Edgar Degas “Scene of War in the Middle Ages”

It could serve as the meat in a sandwich between Francisco Goya’s “Third of May, 1808” and Pablo Picasso’s Guernica from 1937 – my two favorite paintings, respectively.

It communicates the horror of war. The innocent victims. The murder, the rape, the pain, in a way easily understandable without an art history degree, just as the other two paintings do. It was my favorite piece in the exhibit.

Outside of the exhibit, a show-stopping, breath-taking landscape by Sven Birger Sandzen caught both of our eyes. An amazing picture.

Be warned about the Denver Art Museum, however. It’s permanent collection, the Monets, the Pissaros the Thomas Cole, Winslow Homer, Albert Bierstadt European, American and Western masterpieces are off display for the next several years while the museum undertakes a $150 million renovation and expansion. That was a bummer to put it mildly as we had worked ourselves up into a fever in anticipation of them.

Sven Birger Sandzen "A Mountain Symphony," Denver Art Museum
Sven Birger Sandzen “A Mountain Symphony,” Denver Art Museum

PRO TIP: The DAM has the best museum store for art lovers I’ve ever seen. If you have an art lover on your gift list and live in the area, take advantage of it.

Another warning to art lovers about museums in Denver. The American Museum of Western Art, the famed Anschutz collection, is only open Mondays, Wednesdays, and Fridays.

Few collections anywhere arrival it, and again, our only being there for the weekend prevented us from seeing it. Another bummer.

As luck would have it, the Saturday we were in Denver was Saturday, May 5 – Cinco de Mayo. Denver has developed a huge festival at Civic Center Park next to the state capitol building around the holiday. The better part of 10,000 people attended.

It just so happened the 5th was also Kentucky Derby day.

As Kristi and I ate lunch and dinner we continued to see dozens and dozens of people walking around downtown dressed in their bowties, summer dresses, and garish hats. All these people couldn’t simply have watched the race at bars.

An investigation led us to find that Denver is also a huge Derby town with an annual, ticketed party downtown that has apparently become quite the rager.

PRO TIP: Short of Churchhill downs, downtown Denver may be your next hot spot to watch the Derby.

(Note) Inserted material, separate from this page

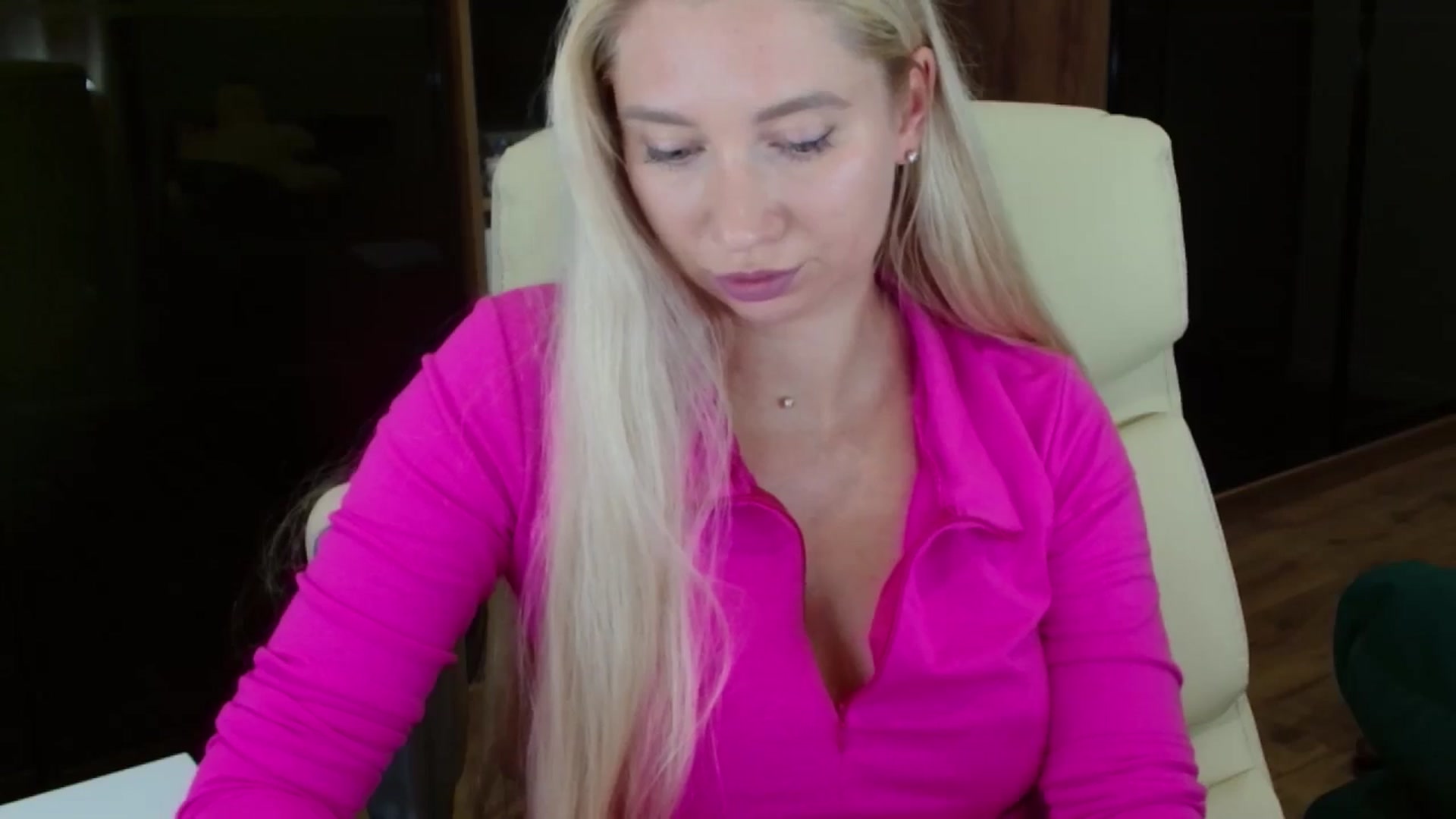 Gallery image thumbnail from Miss_Sylvia's myfreecams stream on, 10/07/2025, 18:22 image 17 of 20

Sunday, we concluded our visit with the magnificent brunch at the historic Brown Palace Hotel downtown.

Sunday brunch at the Brown Palace Hotel. (Photo credit Chadd Scott / TRAVELING WITHOUT KIDS)
Sunday brunch at the Brown Palace Hotel. (Photo credit Chadd Scott / TRAVELING WITHOUT KIDS)

Since our brunch reservation was for 12:45, and our being on East Coast time, we ducked in to The Market at Larimer Square for breakfast first. This was outstanding.

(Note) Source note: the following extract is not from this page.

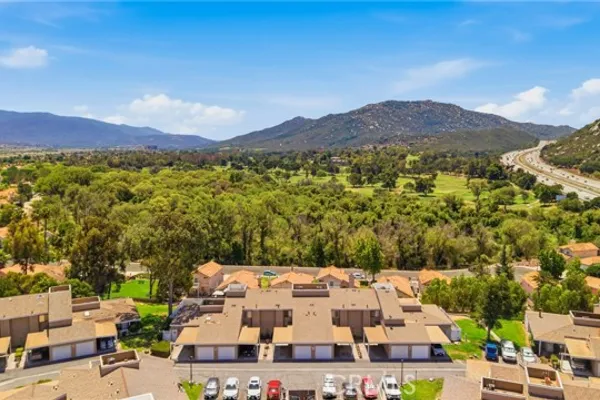 44603 LA PAZ RD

We found the Brown Palace brunch to be as delicious as the hotel was beautiful – a high standard. Of course they offered bacon (which was really good) and an omelet station and pancakes and everything you’d expect from a traditional luxury buffet. Putting the Brown Palace brunch over the top, however, were the dessert “area” – guess is the best word to describe it – and oysters on the half shell, a rarity on brunch menus.

I’m no fan of dessert, an avowed enemy of sugar, but this was impressive, including a chocolate fountain. The hotel’s pastry chef manned the station explaining what all of the handmade treats were. I treated myself to a piece of apple pie, the first I’ve had in years, and it was worth the caloric expenditure.

A perfect ending to a wonderful first – of hopefully many – visits to Denver.